Sunday, January 22, 2023


Rolling Stone's Kara Voght and Tessa Stuart report on a straw poll of the 2024 Republican presidential race that's significant, but not just for the reasons Voght and Stuart think it is:
Anti-Abortion Voters Have Picked an Early 2024 Favorite. It’s Not Trump

TWO THOUSAND ATTENDEES at the National Pro-Life Summit cast their votes on Saturday for their favorite prospective GOP nominee for president in 2024. The winner is: Florida Governor Ron DeSantis....

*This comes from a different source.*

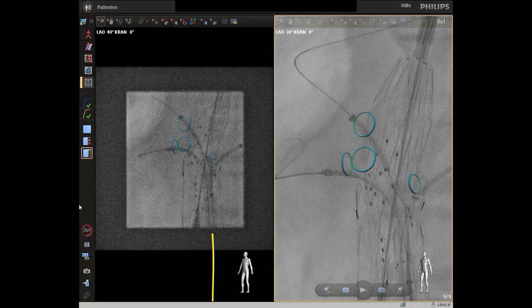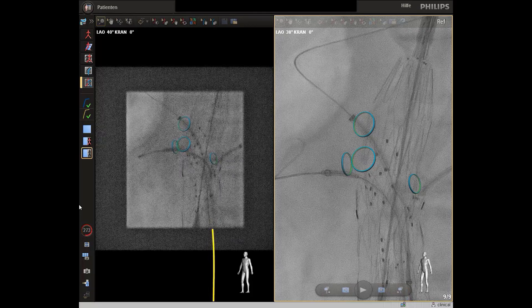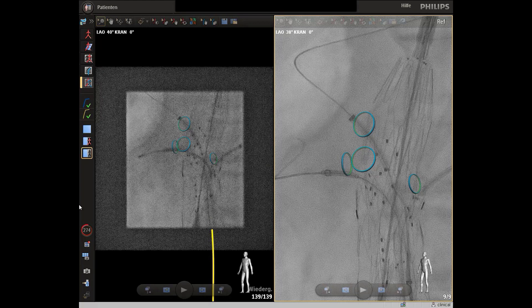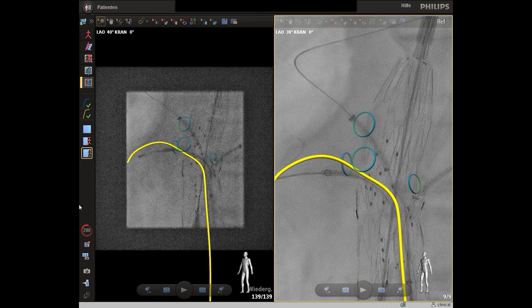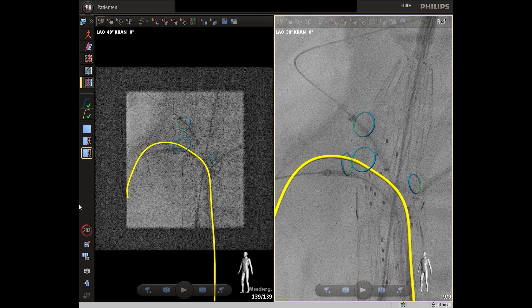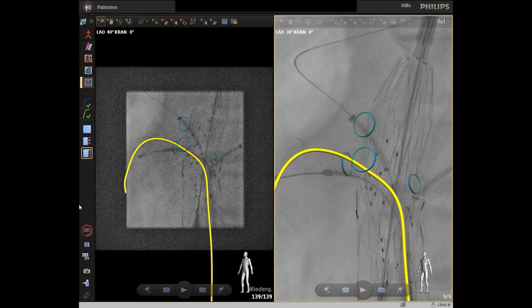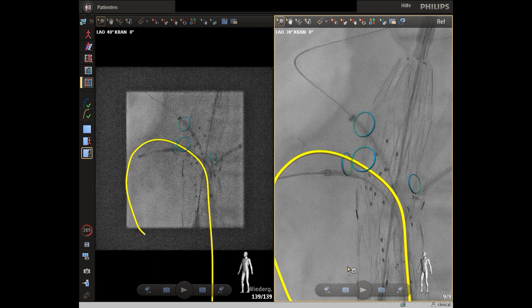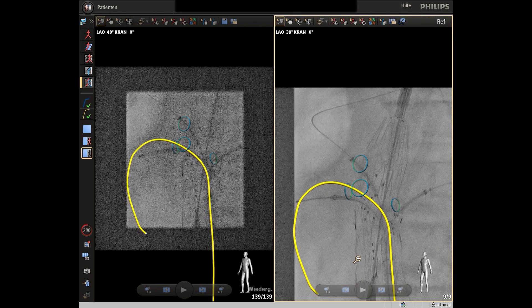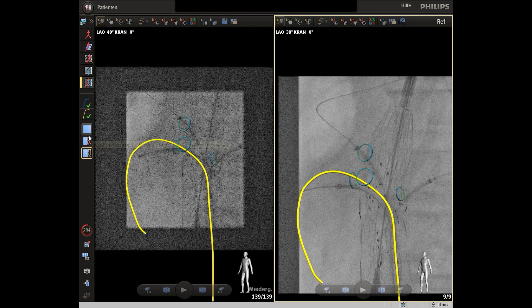As a last target vessel, the superior mesenteric artery is catheterized. We use a catheter of our choice — a different Cobra catheter — in combination with a FOSS wire. You see how easily with a biplanar view the target vessel is accessed. Because of limitations of access, in this case only a balloon is positioned in the target vessel.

DeSantis banked more than half of the votes cast, 53.73 percent. Former President Donald Trump placed in a distant second with just 19.22 percent. His former deputy, Mike Pence — who has called often for a national ban on abortion — took home roughly eight percent. Those three were followed by former South Carolina Gov. Nikki Haley and Texas Sen. Ted Cruz, with 1.57 and 1.37 percent, respectively. Everyone else — Kristi Noem, Greg Abbott, Glenn Youngkin, Liz Cheney, Larry Hogan, and Tim Scott, in that order — earned less than one percent of ballots cast. About seven percent of the poll’s voters remain undecided on their preferred would-be candidate.
Voght and Stuart seize on the voters' rejection of Trump, and that's a fairly big deal. But this was a gathering of people who are focused on the issue of abortion, and they chose Ron DeSantis, who's not known as one of the most anti-abortion contenders foe 2024. DeSantis signed a fifteen-week abortion ban and hinted that he might sign a six-week ban, but never explicitly said he would (“I’m willing to sign great life legislation” is how he put it). He was chosen over Mike Pence, Greg Abbott, Kristi Noem, and Ted Cruz, all of whom are anti-abortion absolutists. Presumably the attendees are anti-abortion absolutists themselves, but they didn't choose one of their own.

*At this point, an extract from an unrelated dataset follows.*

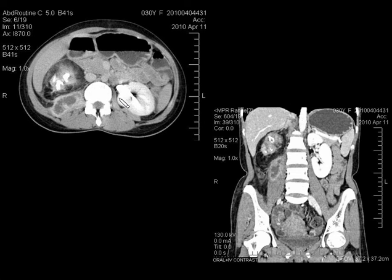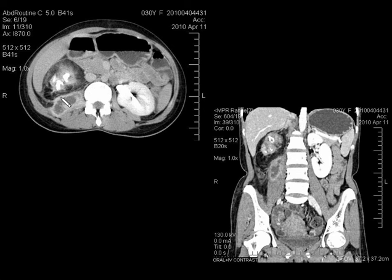Coming to the next spotter, you can see multiple calcifications in the right kidney with fatty replacement of the renal parenchyma, perinephric fat stranding, and a hypoenhancing collection in the right psoas muscle with peripheral enhancement. This is a classical case of xanthogranulomatous pyelonephritis with right psoas abscess.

You can argue that they chose familiar names, which might explain the low vote totals for, say, Kristi Noem -- but how can DeSantis be better known than Mike Pence? Clearly, even these apparent one-issue absolutists are choosing based on a different issue: Does this candidate relentlessly own the libs?

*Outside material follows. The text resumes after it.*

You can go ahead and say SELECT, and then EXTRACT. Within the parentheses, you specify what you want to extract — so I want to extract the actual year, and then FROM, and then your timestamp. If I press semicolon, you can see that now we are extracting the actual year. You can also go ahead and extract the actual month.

If even these voters are going with DeSantis, then DeSantis and Trump are shrewd not to stake out the most absolutist anti-abortion position possible. I'm not saying we couldn't end up with DeSantis or Trump signing draconian national abortion legislation, but anti-abortion maximalism won't be the key to success in the GOP primaries.

But this poll is terrible news for Trump, right? Well, it's not good news -- but it might be consistent with other polling showing Trump in the lead.

The principal sponsor of the National Pro-Life Summit is Students for Life. That suggests that the attendees are educated, or at least are becoming educated. To judge from the photos on the summit's website, the attendees skew very young:

That's not good for Trump because as I've noted, polls show that DeSantis does best against him with the elderly (who presumably are retired and are therefore watching the most Fox News).

But those same polls say that Trump's supporters are the least educated Republicans. The kids at this summit seem as if they're in college or are planning to go. They're networking. Trump's supporters might not all be proletatarian -- many of his non-college supporters seem to own small businesses -- but they're still distinct from this crowd. If they stick with him, he's still in the race. But the lack of support for hardcore anti-abortion extremists even in this crowd tells me that it's still a two-candidate race.